I've worked it out!!
Two utterly stupid designs were causing the problem.
Firstly, the sensor is 4:3 (easier to manufacture, or stuck in the old ways?). Yet the default is fullscreen. Set the camera to 4:3 to take the most pixels. If you want a widescreen shot, you can always trim it later. Using 16:9 or fullscreen is simply chopping off the top and bottom of the sensor, so utterly pointless. As daft as "digital zoom".
Secondly, and my old phone never did this, maybe a different camera app, I can't remember, if you change the ratio, it forgets you want high resolution and sets it back to medium. So if you change ratio, change the resolution again.
I'm now taking 50MP 4:3 photos (not that any camera other than professional ones give you what it says anyway, you have to zoom to 50% (quarter size) to make them clear).
What utter fool makes things which don't give you their full capabilities by default?

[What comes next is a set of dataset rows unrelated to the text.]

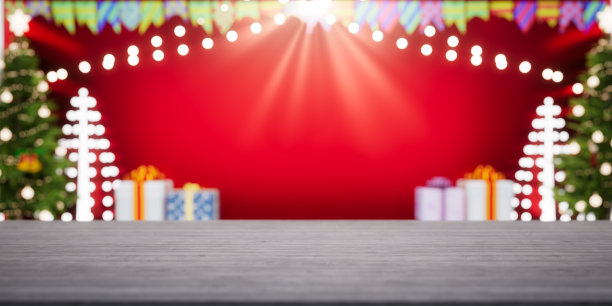 三维渲染的空白空间在木材柜台上的产品展示或背景。图片下载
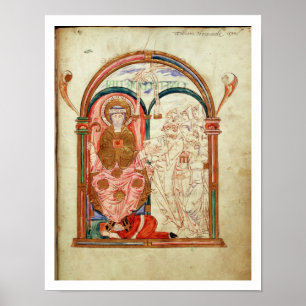 Arundel 155 f.133 Monks of Christchurch, Canterbur Poster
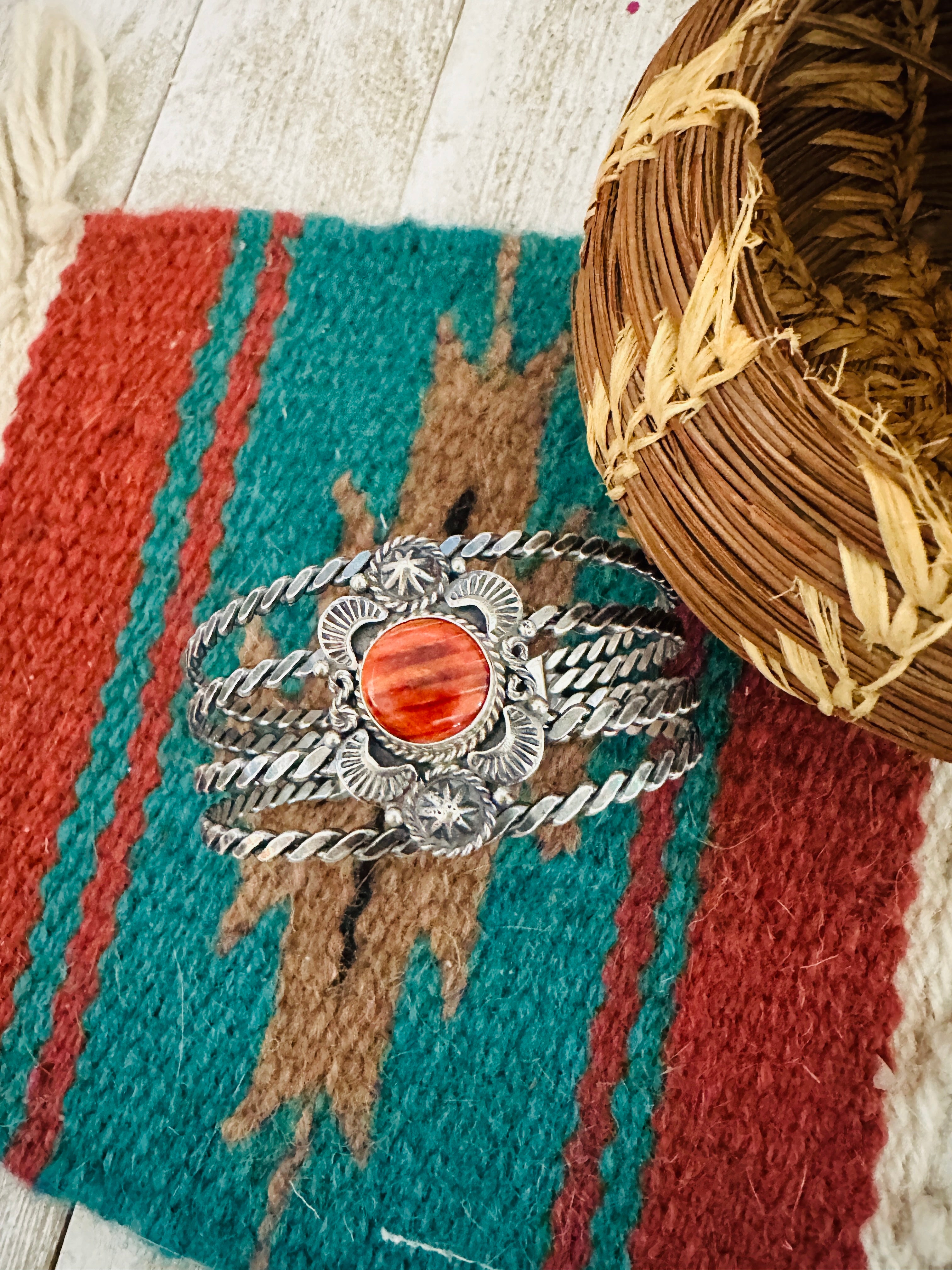 Handcrafted Sterling Silver & Orange Spiny Oyster Cuff Bracelet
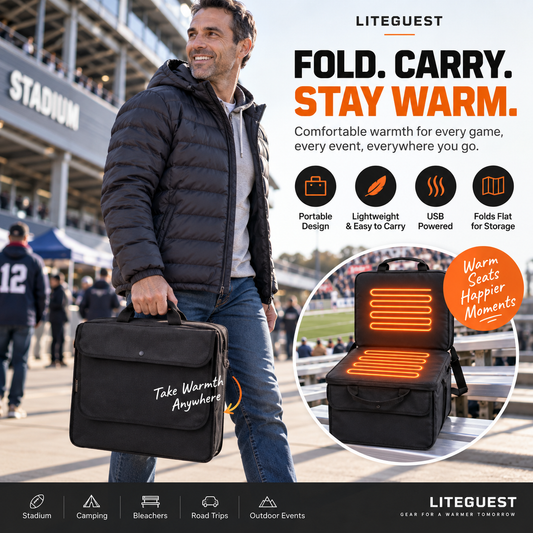 LITEGUEST USB Heated Stadium Seat Cushion Foldable Portable Chair Pad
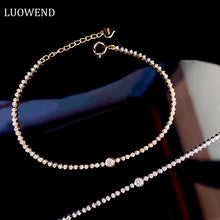 Load image into Gallery viewer, LUOWEND 18K White or Yellow Gold Real Natural Diamond Bracelet for Women
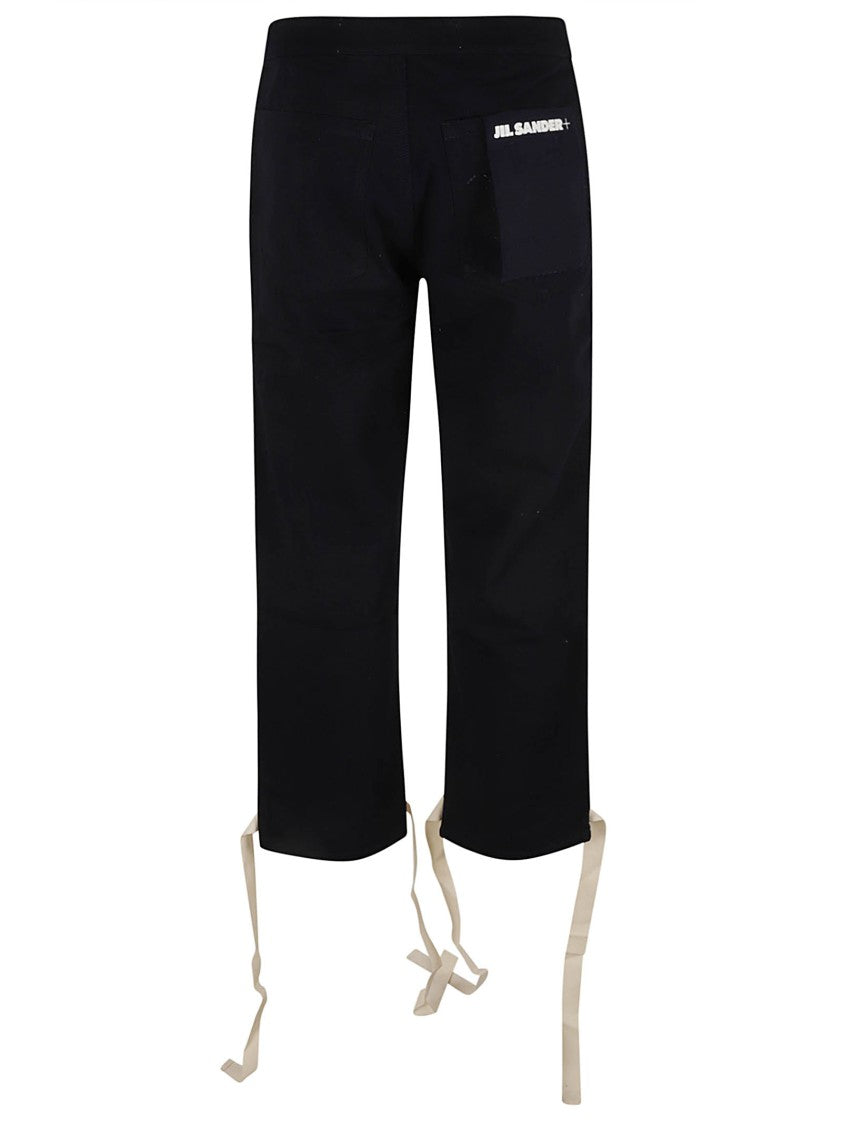 Jil Sander Cropped Black Trousers With Straight Leg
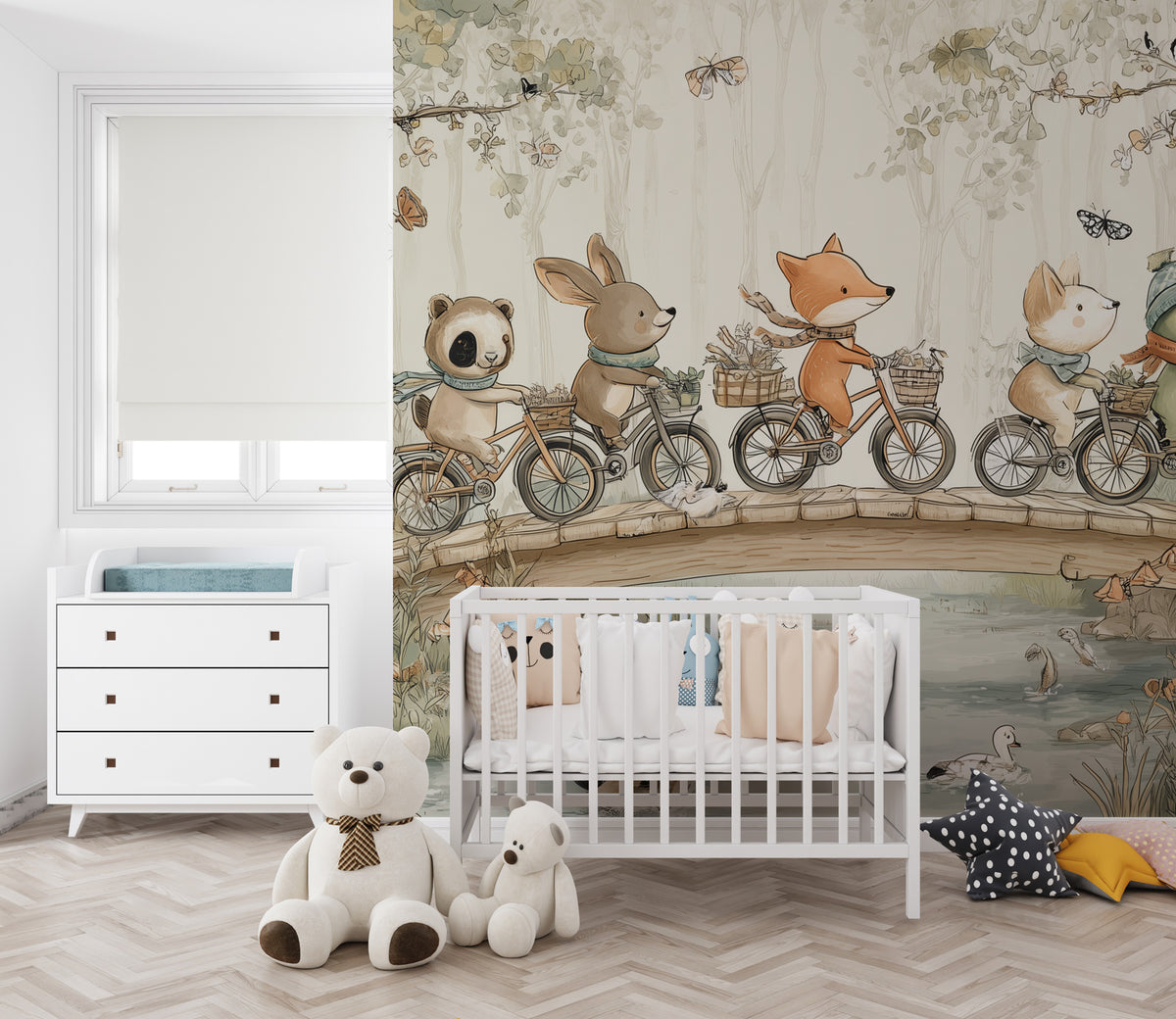 Bicycle Animals Wallpaper : Woodland Picnic Kids Mural - View 3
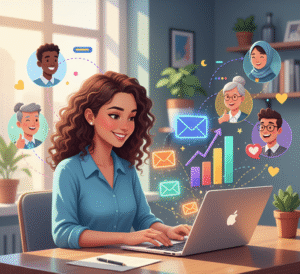 tips How to Use Email Marketing. Digital marketer analyzing email marketing strategy with analytics charts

Oh my god, now I find even more stupidity. This Moto G31 has three sensors, "wide", "super wide", and "macro". There's no point in using anything but "wide", because:
1) Wide is 50MP. Superwide is 12MP. If you need a really wide shot, simply use the 50MP sensor and take a panorama.
2) Wide is 50MP. Macro is 2MP (!). If you simply move the camera back a couple of inches and take a normal shot, then crop the photo, you still get 12.5MP (quarter of the 50MP image).